6 reasons you will suck as a Food Entrepreneur

Last Updated: July 21, 2014

Written by Seth Lui

Gordon RamsayHave you ever dreamt about opening a bar or a cafe? How about a restaurant? Statistically, 62% of office workers interviewed have ‘always wanted to open a cafe/bar/restaurant‘, and there’s a high likelihood you reading this might too. Or at least know a friend who has this same dream.

“Ah, if only I had my own little place to bring my friends and family to chill during the weekends.” Sounds familiar?

Although it seems glamorous and ritzy being a F&B owner, there are huge misconceptions and naive notions to actually owning and operating one. I know it’s not a bed of roses because I’ve worked in several bars, restaurants and ran a F&B kiosk company. Here I’m going to share the major oversights and delusions people have towards opening a F&B concept, and for you to seriously ponder these points before embarking on your dream cafe.

1. Underestimating capital required

The major reason many food entrepreneurs fail, is by simply underestimating not only the initial budget required, but also the capital needed to sustain operations. Rental deposits, utilities installation, renovation costs are all common points that new entrepreneurs tend to under-budget during planning. Next, operating capital to buy food inventory, pay workers are also part of the minimum sum your bank must have to be able to turnover operations. Suppliers usually do not give credit unless you have a history of working with them, since there are still many cases of companies not paying their bills.

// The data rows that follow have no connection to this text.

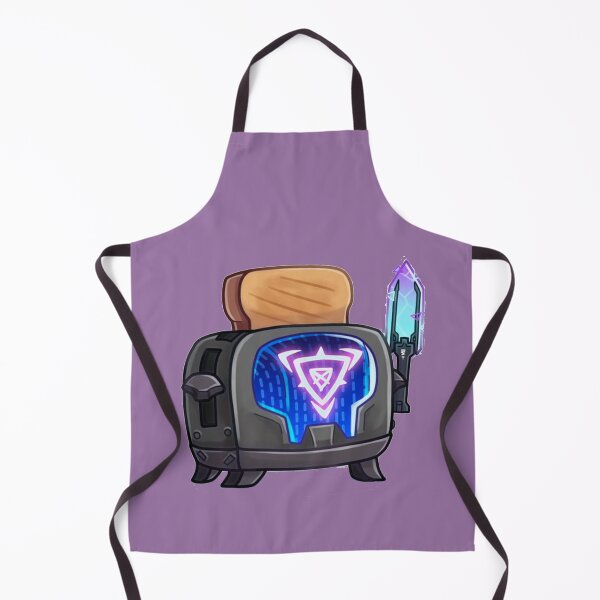 Item preview, KAY/O Toaster Meme designed and sold by martirush.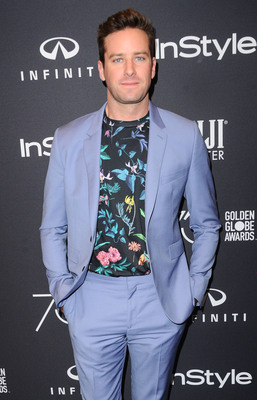 Armie   Hammer posters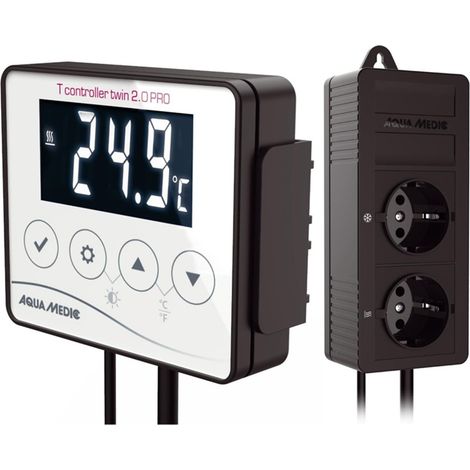 Aqua Medic t-Controller Twin 2.0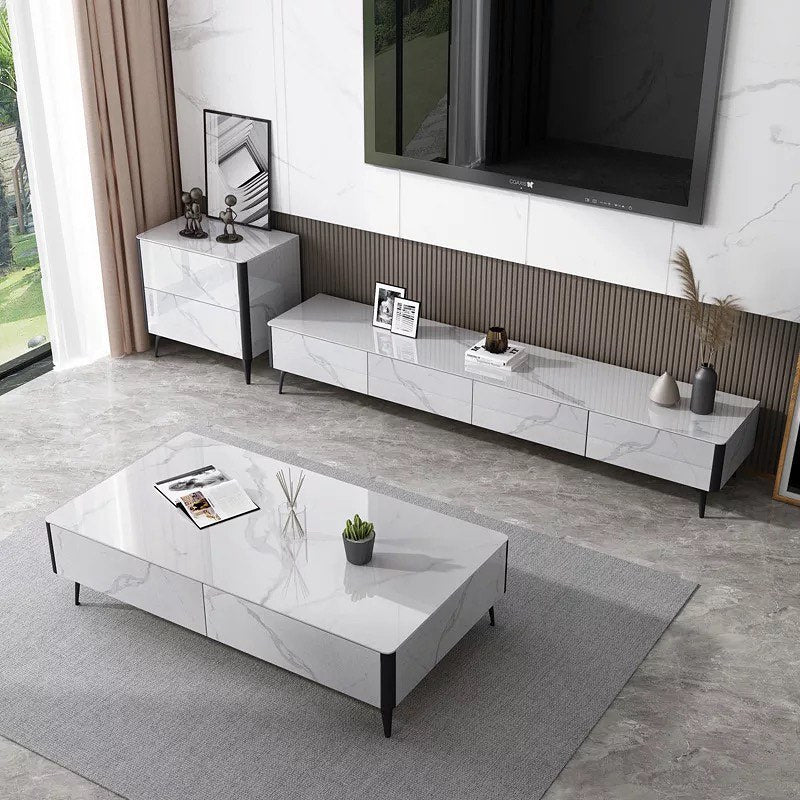 Tv Unit - Coffee Table Set 153
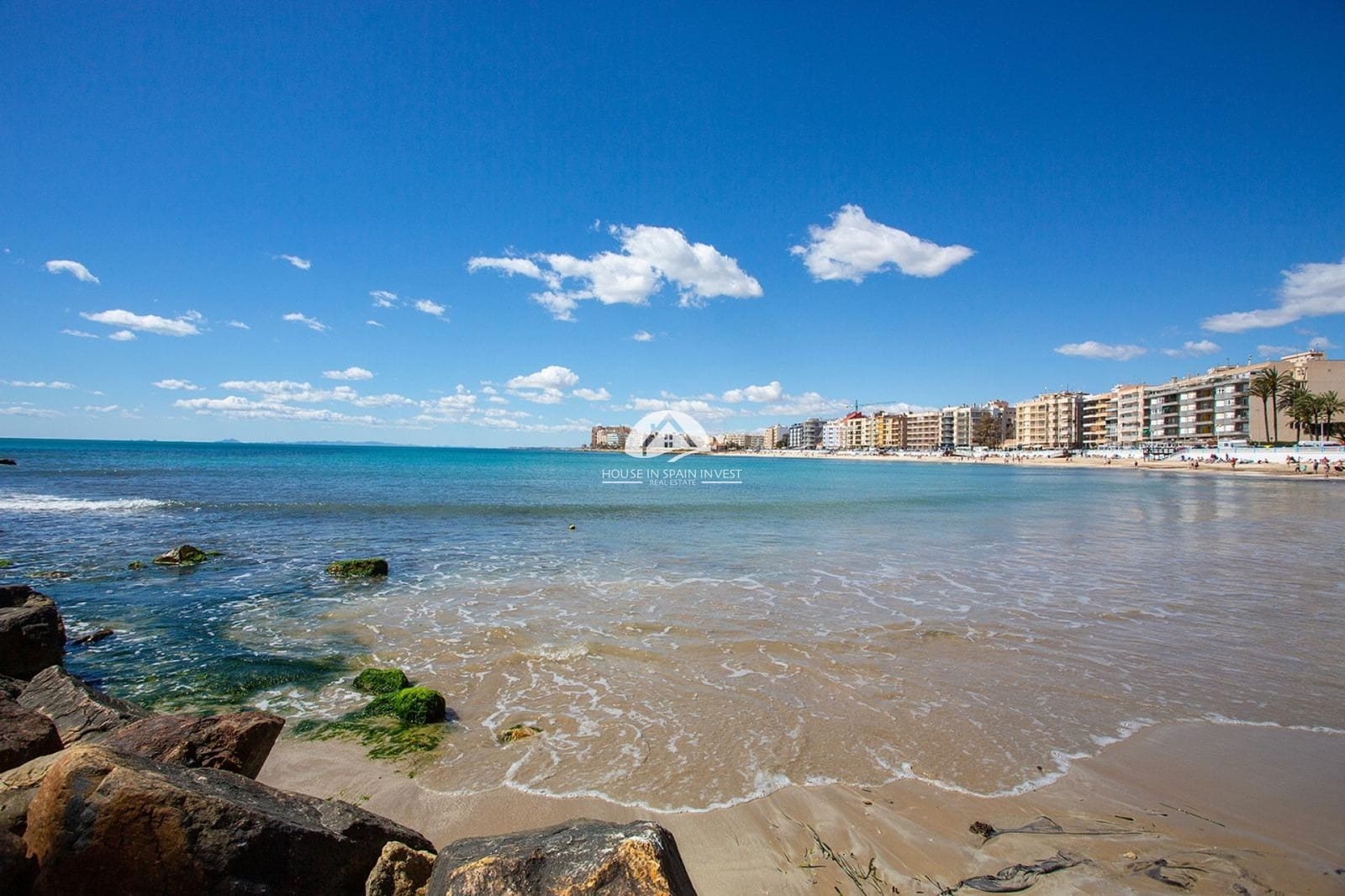 2 soveværelse Lejlighed til salg i Torrevieja med swimmingpool - € 143.000 (Ref: 9983924)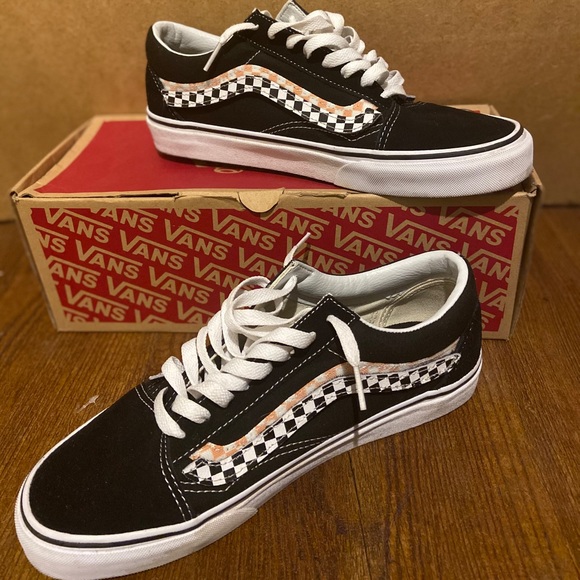 Vans Old Skool SideStripe V - Picture 6 of 7
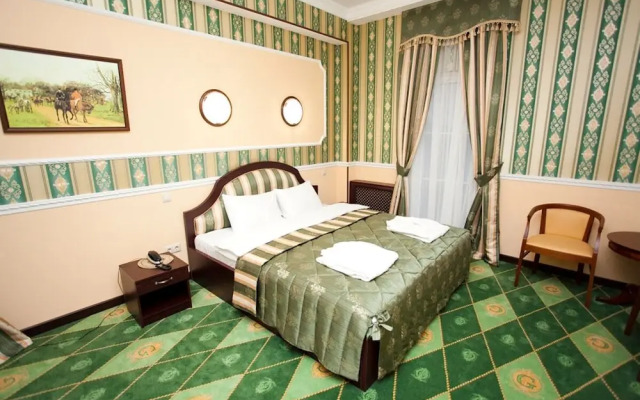 Hotel Gallery Park Volgograd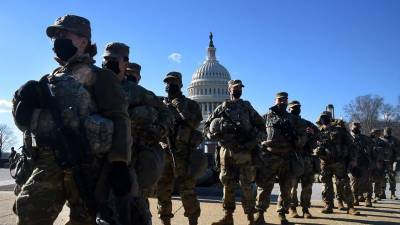 МВБ США предупреждает об «обстановке повышенной угрозы» в стране
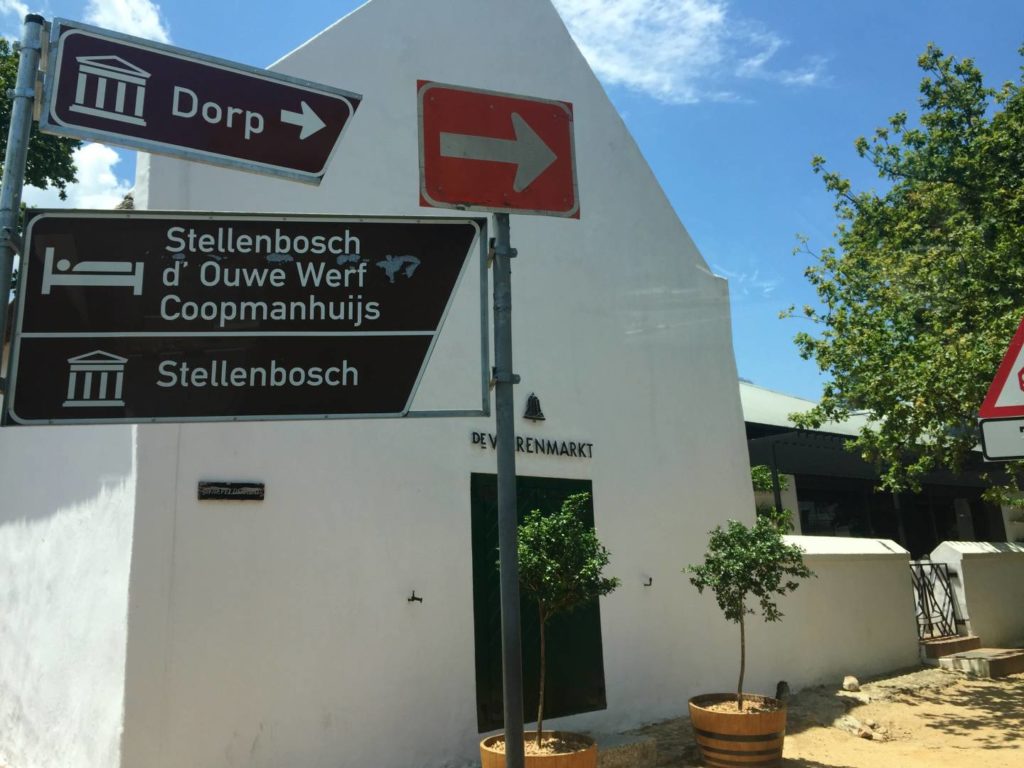 Stellenbosch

With any new F&B place, the first 3-6 months is going to be a nightmare for your cash flow. You have to spend quite some time to generate brand awareness, as well as a pool of repeat customers to be able to finally generate profit. Within this time, you will have to burn through your cash reserves, thousands of dollars till it happens. Marketing expenditure will also be highest during the start as you want to bring in business to your unknown brand. The question you have to ask yourself is do you have to holding power, as well as the stomach to see thousands of dollars flow out each month?

2. Seems easy enough to do

A key factor why the F&B industry sees thousands of companies shut down as well as thousands more open up each year is because it seems easy enough to do. There are not much barriers to entry other than a relatively high start-up cost, and your friends have been telling you for years to professionally sell the delicious home-made cakes you made for them each Christmas. It’s just baking in a larger quantity right? What else is there?

Cooking commercially is a HUGE difference, mind you. Baking 10 cupcakes a day versus 1000 cupcakes a day is a completely different monster. Cooking equipment is different, even the method has to be tweaked because increasing mass production affects consistent quality of the food. Controlling volume production is something you’ve not experienced before.

Then we go to rent. Commercial landlords are mostly not going to look at your business plan and go “hmm, perhaps you lack a feasible business plan, you should go revise it first.” Ok, I take that back- good landlords, will do that but it’s extremely rare. Why? Because the landlord would gladly take your rental money instead of leaving a shop space unoccupied. Whether your business succeeds or not is irrelevant as long as there’s the next sucker in line to lease to. And seeing most landlords collect a minimum 3 month deposit, any default of eviction cost is easily mitigated with your deposit money.

3. Mistaking passion for skill

Yes, having passion is important because it keeps you on your goal. But passion alone is not enough without actual skill. You might say you have a lot of passion for food, but you’ve never actually cooked a proper meal. You like the restaurant industry but have never worked in one before.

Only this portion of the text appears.